埼玉新聞

 

女子サッカーで活躍 ちふれのLGBTQ+アンバサダーは元女性 育ててくれた母親にも理解得られず 戸籍と名前を変え結婚、1児の父親に 18日、蕨で講演「私たちにはいろいろな形がある」

  • 「私たちにはいろいろな形がある」と話す、ちふれLGBTQ+アンバサダーの櫻木彩人さん

    「私たちにはいろいろな形がある」と話す、ちふれLGBTQ+アンバサダーの櫻木彩人さん=4日午後、蕨市役所

  • 「私たちにはいろいろな形がある」と話す、ちふれLGBTQ+アンバサダーの櫻木彩人さん

 東京都出身の櫻木彩人さん(37)は女子サッカー「ちふれASエルフェン埼玉」で活躍した元女性。現在は、ちふれグループのLGBTQ+アンバサダーを務めている。

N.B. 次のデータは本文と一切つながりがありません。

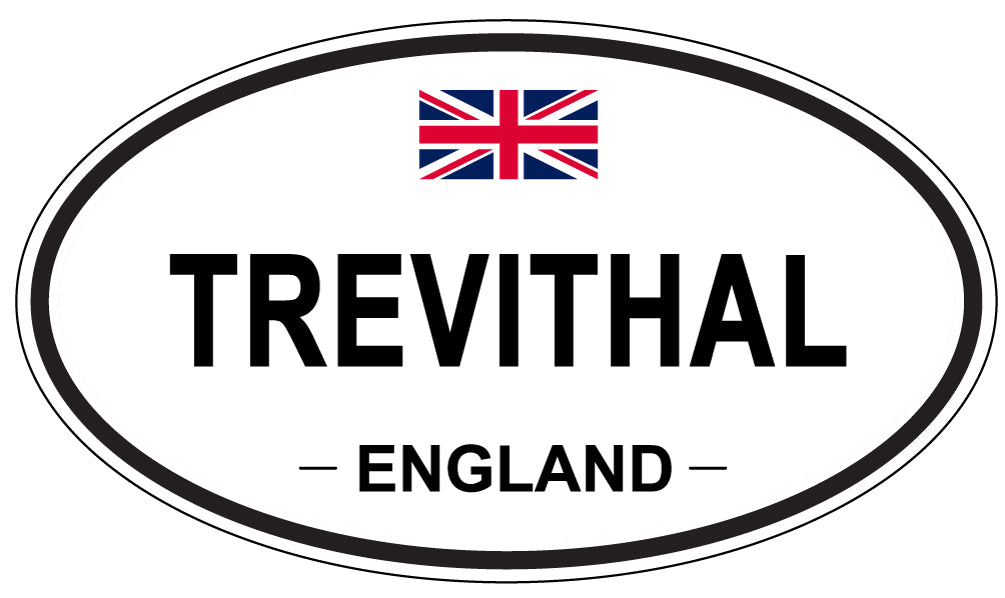 TREVITHAL, England - Oval Magnet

 幼い頃から性別に違和感を覚えた。小学4年の時、仲良しの女の子との「お泊まり会」で、一緒に手をつないで寝た時のことを今も覚えている。

 兄の影響でサッカーを始め、小、中、高校とボールを追った。進学した川越市の尚美学園大では「インカレに出たい」との強い思いを持ち、同市内での1人暮らしも経験した。

 大学卒業後の生活には希望が見いだせなかった。「女性用スーツ、お化粧しての就職活動は難しい。教員を目指したが、自身が何者なのか分からない私が誰かを教えることなどできない」。履歴書の性別欄「男・女」の真ん中に丸を書いたこともあった。

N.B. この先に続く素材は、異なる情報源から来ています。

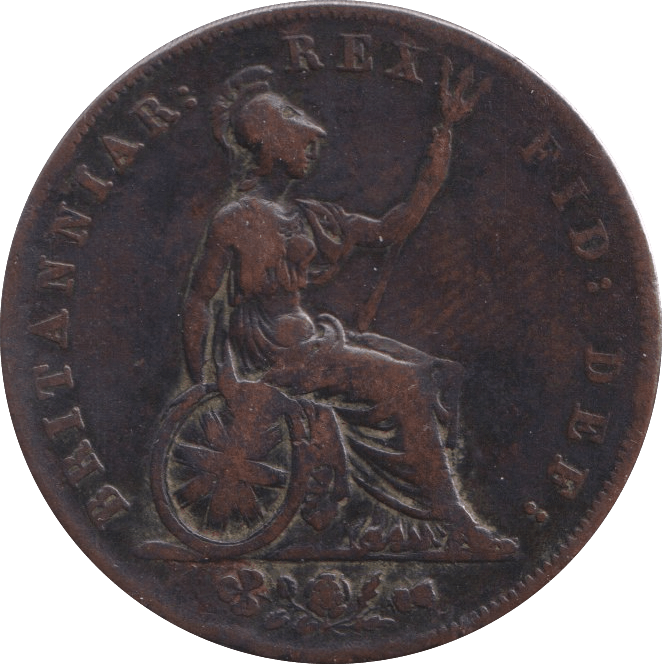1826 HALFPENNY ( GF ) - Halfpenny - Cambridgeshire Coins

 その後、海外留学などを経て2015年、ちふれASエルフェン埼玉に加入。ゴールキーパーとしてプレーした。

 29歳、「心配をかけたくない」との思いで母親に打ち明けたが、当時は理解が得られなかった。「一番伝えたかった、育ててくれた母親。嫌われたくなかった。そばにいてほしかった」。30歳、海外で性別適合手術を受け、帰国後、戸籍と名前を変えた。その後、結婚。1児の父親となった。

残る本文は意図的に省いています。